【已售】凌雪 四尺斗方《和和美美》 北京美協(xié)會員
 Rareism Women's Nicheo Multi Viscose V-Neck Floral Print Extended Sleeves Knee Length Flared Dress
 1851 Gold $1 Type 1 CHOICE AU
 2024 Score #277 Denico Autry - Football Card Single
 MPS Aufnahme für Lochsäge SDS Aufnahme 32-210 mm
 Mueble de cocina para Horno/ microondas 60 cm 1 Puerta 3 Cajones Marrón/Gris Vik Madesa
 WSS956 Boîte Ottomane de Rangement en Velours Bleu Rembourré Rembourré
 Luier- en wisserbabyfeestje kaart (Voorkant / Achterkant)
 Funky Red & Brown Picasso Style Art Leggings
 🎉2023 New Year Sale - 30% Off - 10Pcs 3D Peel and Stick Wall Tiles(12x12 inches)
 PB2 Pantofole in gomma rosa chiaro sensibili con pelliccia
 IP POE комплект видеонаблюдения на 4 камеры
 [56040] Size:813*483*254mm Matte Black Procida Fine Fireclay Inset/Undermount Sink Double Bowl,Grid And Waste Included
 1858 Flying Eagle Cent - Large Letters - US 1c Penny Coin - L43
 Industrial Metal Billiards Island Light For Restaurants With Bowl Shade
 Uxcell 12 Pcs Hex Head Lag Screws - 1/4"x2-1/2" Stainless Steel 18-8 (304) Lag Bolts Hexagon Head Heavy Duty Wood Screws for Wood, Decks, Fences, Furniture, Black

_Assigned task:_ For every line above that includes the word "Black", return the line.

_Response:_
 [56040] Size:813*483*254mm Matte Black Procida Fine Fireclay Inset/Undermount Sink Double Bowl,Grid And Waste Included
 Uxcell 12 Pcs Hex Head Lag Screws - 1/4"x2-1/2" Stainless Steel 18-8 (304) Lag Bolts Hexagon Head Heavy Duty Wood Screws for Wood, Decks, Fences, Furniture, Black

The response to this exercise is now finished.